We have a lot of checks concerning a myriad of different sites and scripts that constantly change directly or indirectly. As expected, things eventually stop working in some way or another; be it something benign such as an url to tag-solution not working, a planned ongoing maintenance making a site unreachable, an critical issue making it unresponsive or something in between. 

The solution(to the check going off) may also vary from a simple blocking / severity mapping to a the check to ignore unimportant urls or a bit more complex like a complete site deploy.

In any case, we soon acknowledge the checks response and start to deal with it but during this time, either because the fix is cumbersome or there's a lot of checks to update, the resolution back to normal may take some time. During this time it would be helpful, as is the case on other classic monitoring tools, to temporary change the state of the check to something that signals that there is a problem and we know about and already work on it; put the check ON HOLD. 

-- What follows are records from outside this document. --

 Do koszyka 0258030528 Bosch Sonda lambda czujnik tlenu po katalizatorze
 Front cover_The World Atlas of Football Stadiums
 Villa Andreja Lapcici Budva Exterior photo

The state would mean that the check would continue to run and collect data but instead of showing the color corresponding to the previous result(green,yellow,orange,red), it would be set in a very distinguished color like blue(ideally sorted behind yellow in the Operational View). I attached a screen just to give you a hint on how to visualize it. This would give everyone working with this a breather so while things are alerting expectations is that something is wrong that we need to deal with but unclear if its being dealt with, within tech teams but also for business looking from the outside. With this you would be able to reflect the current status better and less "cry wolf" where we have benign alerts firing until being updated.

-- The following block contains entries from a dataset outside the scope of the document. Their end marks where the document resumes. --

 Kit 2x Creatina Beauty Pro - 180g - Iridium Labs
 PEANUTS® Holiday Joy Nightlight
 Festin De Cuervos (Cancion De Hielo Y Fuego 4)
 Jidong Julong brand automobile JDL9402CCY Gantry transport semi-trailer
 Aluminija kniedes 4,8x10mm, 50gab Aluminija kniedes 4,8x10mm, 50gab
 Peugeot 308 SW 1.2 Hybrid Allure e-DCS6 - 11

I'd also suggest that this option be easily reachable from the same places as the normal disable is and accessable via the API for easy integration to ITSM tools managing ITIL processes so you could make use of planned maintenance schedule et cetera.

  • Jul 3, 2015

    Admin Response

    We have plans of having an extended maintenance mode where we will be able to use a combination of tags, alerting and events in results to achieve this. This is only in the planning stage for now. I'll get back to you with more information when available.